We’re always looking for new solutions for low-powered hardware, and are now building another tool that uses much less complex sentence recognition. This could even run on a Raspberry Pi 4, but it would only be able to identify predefined sentences, so if you go off script you may need to call in an AI to help Assist understand your needs. Our language leaders are hard at work putting together the needed translations, but if you want to learn more visit Rhasspy Speech
In general, even when your language is supported, you’ll almost always get better results from Home Assistant Cloud. Use the free trial to see what works best for you. Also, you can use both, we know someone using an automation to switch the Assist pipeline to an all local setup when their internet is down.
AI and Assist
Another aspect where we beat the competition hands down is the integration of AI into our voice assistant. You can choose from some of the biggest cloud AI providers like ChatGPT, Google Gemini, and Claude (paid accounts required). You can also run it locally via Ollama
Our intents (Assist’s built-in sentences) are getting better at understanding most commands, but AI processes commands in natural language, meaning if you get the device’s name ever so slightly off, it can still figure things out. It also provides the ability to ask outside the built-in intents. For instance, if you tell it “It’s a bit cold in here”, it may raise the temperature on your thermostat, but it could forgo any home control and just tell you to put on a jacket - results are not yet consistent. More useful is its ability to take multiple sensors and provide context. For instance, you could ask it for an air quality report, and it could review the CO2 levels and tell you to open a window it observes is shut. All this is experimental, and having an AI control your home is not for everyone, but what’s important is that you have the choice.
Conclusion
So many new innovations and improvements for Assist have happened in the past couple of months, and this speaks to the power of having good hardware to build our software on. Voice Preview Edition is the best open voice hardware available today, and even with it only in the hands of a couple of hundred people today, it’s making a noticeable difference. Whether that’s writing code, improving language support, making blueprints, or even just reporting bugs. The momentum we will build having this in the hands of thousands will be game-changing - it’s why we’ve declared that the era of open voice assistants has arrived.

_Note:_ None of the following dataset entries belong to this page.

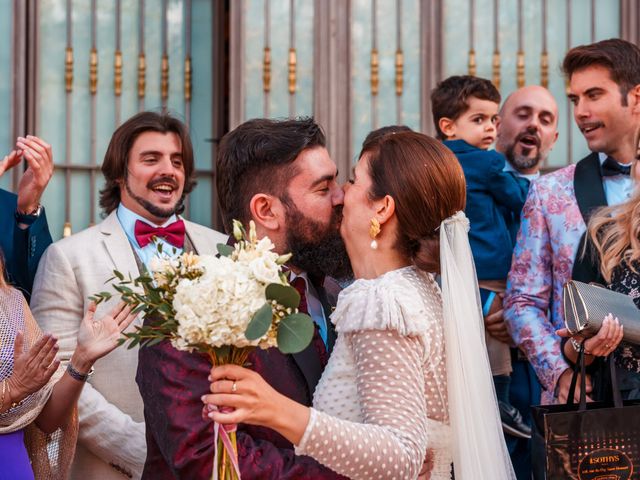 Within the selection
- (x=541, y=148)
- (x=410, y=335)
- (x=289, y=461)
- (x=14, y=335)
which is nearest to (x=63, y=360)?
(x=14, y=335)

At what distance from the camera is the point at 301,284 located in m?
3.27

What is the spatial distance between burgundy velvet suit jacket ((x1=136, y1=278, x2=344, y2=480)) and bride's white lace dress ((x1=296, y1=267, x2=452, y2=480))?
129 mm

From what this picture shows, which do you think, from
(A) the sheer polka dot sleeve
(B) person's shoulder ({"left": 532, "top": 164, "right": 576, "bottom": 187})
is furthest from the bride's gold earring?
(B) person's shoulder ({"left": 532, "top": 164, "right": 576, "bottom": 187})

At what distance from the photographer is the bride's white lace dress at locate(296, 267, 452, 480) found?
2.55 m

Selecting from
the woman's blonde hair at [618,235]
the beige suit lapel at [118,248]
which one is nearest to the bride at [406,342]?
the woman's blonde hair at [618,235]

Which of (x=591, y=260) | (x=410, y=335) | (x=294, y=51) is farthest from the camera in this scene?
(x=294, y=51)

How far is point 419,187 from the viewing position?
2.90 meters

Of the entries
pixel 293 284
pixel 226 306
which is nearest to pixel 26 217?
pixel 293 284

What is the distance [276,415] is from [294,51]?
441cm

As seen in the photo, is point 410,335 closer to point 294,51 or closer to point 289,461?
point 289,461

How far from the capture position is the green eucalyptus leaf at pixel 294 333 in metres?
2.48

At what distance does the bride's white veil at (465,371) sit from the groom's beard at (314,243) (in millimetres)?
424

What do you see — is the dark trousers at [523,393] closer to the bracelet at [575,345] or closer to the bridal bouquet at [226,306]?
the bracelet at [575,345]

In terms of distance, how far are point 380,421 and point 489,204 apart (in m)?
2.50
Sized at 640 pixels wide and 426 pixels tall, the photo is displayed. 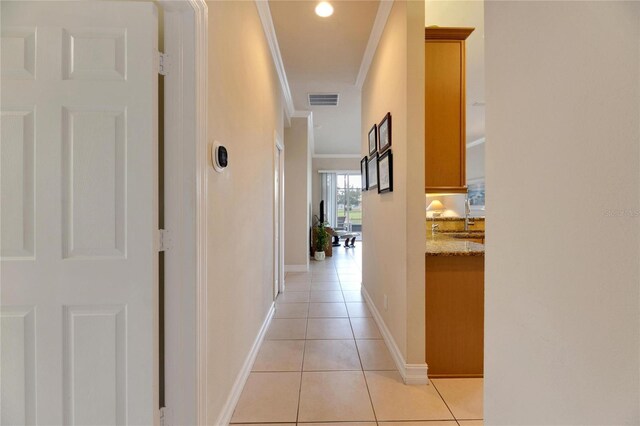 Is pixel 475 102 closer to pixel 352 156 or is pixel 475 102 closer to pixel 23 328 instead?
pixel 352 156

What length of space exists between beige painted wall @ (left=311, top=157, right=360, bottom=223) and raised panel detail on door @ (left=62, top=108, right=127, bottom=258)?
26.1 ft

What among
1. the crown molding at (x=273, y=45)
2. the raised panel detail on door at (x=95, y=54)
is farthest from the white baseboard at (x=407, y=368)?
the crown molding at (x=273, y=45)

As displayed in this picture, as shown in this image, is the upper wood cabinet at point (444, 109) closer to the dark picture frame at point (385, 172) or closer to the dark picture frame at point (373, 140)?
the dark picture frame at point (385, 172)

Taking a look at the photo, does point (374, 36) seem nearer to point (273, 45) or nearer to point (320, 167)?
point (273, 45)

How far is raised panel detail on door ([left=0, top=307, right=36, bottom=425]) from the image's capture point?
1.07 metres

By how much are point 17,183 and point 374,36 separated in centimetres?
295

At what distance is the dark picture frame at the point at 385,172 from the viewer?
2363 mm

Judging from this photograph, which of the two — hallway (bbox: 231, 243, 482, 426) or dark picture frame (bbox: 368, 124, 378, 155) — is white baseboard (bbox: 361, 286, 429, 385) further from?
dark picture frame (bbox: 368, 124, 378, 155)

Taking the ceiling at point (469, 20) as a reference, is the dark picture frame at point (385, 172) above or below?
below

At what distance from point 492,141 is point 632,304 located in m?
0.60

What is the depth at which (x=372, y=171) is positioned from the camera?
3.10m

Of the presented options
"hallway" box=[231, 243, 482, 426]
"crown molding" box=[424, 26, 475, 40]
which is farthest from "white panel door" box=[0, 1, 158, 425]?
"crown molding" box=[424, 26, 475, 40]

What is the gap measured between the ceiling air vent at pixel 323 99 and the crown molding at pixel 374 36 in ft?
2.42

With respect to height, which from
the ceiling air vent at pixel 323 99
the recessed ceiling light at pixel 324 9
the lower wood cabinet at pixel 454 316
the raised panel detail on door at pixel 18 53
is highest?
the ceiling air vent at pixel 323 99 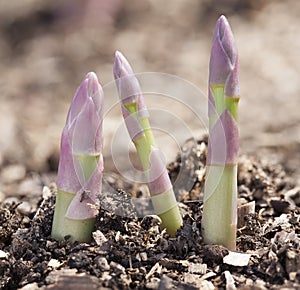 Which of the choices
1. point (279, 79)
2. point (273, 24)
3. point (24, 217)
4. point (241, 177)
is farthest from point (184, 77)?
point (24, 217)

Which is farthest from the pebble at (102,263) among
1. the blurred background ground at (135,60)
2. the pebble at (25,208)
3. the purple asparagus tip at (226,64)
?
the blurred background ground at (135,60)

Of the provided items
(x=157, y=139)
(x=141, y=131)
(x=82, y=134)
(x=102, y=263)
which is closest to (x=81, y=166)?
(x=82, y=134)

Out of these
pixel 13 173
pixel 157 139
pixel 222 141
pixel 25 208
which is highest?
pixel 157 139

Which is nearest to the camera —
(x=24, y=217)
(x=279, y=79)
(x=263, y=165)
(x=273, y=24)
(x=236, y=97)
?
(x=236, y=97)

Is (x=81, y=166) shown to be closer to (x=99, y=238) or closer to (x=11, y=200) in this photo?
(x=99, y=238)

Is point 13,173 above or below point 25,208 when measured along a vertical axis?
above

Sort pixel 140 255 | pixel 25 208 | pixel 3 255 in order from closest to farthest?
pixel 140 255 → pixel 3 255 → pixel 25 208

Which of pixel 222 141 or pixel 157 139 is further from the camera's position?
pixel 157 139

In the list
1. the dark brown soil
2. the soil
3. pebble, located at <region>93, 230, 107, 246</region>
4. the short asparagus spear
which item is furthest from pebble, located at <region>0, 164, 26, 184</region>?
pebble, located at <region>93, 230, 107, 246</region>

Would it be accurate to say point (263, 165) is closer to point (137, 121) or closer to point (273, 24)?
point (137, 121) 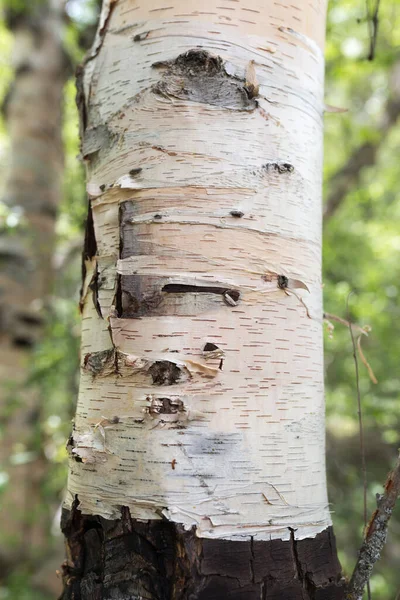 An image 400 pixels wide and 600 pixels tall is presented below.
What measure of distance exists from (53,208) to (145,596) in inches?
144

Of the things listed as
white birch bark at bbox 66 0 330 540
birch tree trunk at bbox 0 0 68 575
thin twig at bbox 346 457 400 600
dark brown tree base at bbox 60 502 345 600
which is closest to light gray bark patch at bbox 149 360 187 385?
white birch bark at bbox 66 0 330 540

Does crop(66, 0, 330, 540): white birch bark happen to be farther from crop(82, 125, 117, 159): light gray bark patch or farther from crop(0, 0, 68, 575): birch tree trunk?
crop(0, 0, 68, 575): birch tree trunk

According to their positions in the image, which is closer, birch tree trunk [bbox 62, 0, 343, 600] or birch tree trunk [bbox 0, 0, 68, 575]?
birch tree trunk [bbox 62, 0, 343, 600]

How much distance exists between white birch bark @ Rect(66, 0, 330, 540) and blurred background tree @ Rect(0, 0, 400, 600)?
67.2 inches

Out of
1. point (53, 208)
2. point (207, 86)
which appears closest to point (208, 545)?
point (207, 86)

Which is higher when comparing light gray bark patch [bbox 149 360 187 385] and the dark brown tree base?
light gray bark patch [bbox 149 360 187 385]

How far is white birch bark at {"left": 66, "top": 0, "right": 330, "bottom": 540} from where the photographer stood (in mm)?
913

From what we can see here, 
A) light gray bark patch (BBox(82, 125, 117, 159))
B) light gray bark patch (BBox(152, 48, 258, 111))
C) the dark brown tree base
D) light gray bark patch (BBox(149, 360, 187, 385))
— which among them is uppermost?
light gray bark patch (BBox(152, 48, 258, 111))

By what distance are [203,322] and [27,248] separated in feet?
10.5

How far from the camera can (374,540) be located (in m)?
1.01

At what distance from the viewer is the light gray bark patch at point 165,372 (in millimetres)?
922

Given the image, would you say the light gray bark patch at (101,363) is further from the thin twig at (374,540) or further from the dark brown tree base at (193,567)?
the thin twig at (374,540)

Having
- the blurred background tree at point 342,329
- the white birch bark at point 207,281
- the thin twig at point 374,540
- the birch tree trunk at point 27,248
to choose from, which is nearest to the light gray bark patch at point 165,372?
the white birch bark at point 207,281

In the comments sections, we always have a couple of people saying, “but I don’t use voice, what about improving (this or that)”. The good news is that improving Assist and Home Assistant’s other features are already happening in tandem (check out our roadmap for the complete picture of our priorities). In the end, only a fraction of our development goes towards voice, and our budget is what Amazon’s voice team probably spends on pizza parties 😆. A great side effect is the problems we’re solving with voice are benefiting other parts of Home Assistant, for example, our integration of AI was driven by voice.
We really think voice is an integral part of a well-rounded smart home ecosystem. It’s especially important for improving the accessibility of home control to all members of the household. There needs to be real options in the space, most importantly ones that give you full control and a real choice on privacy.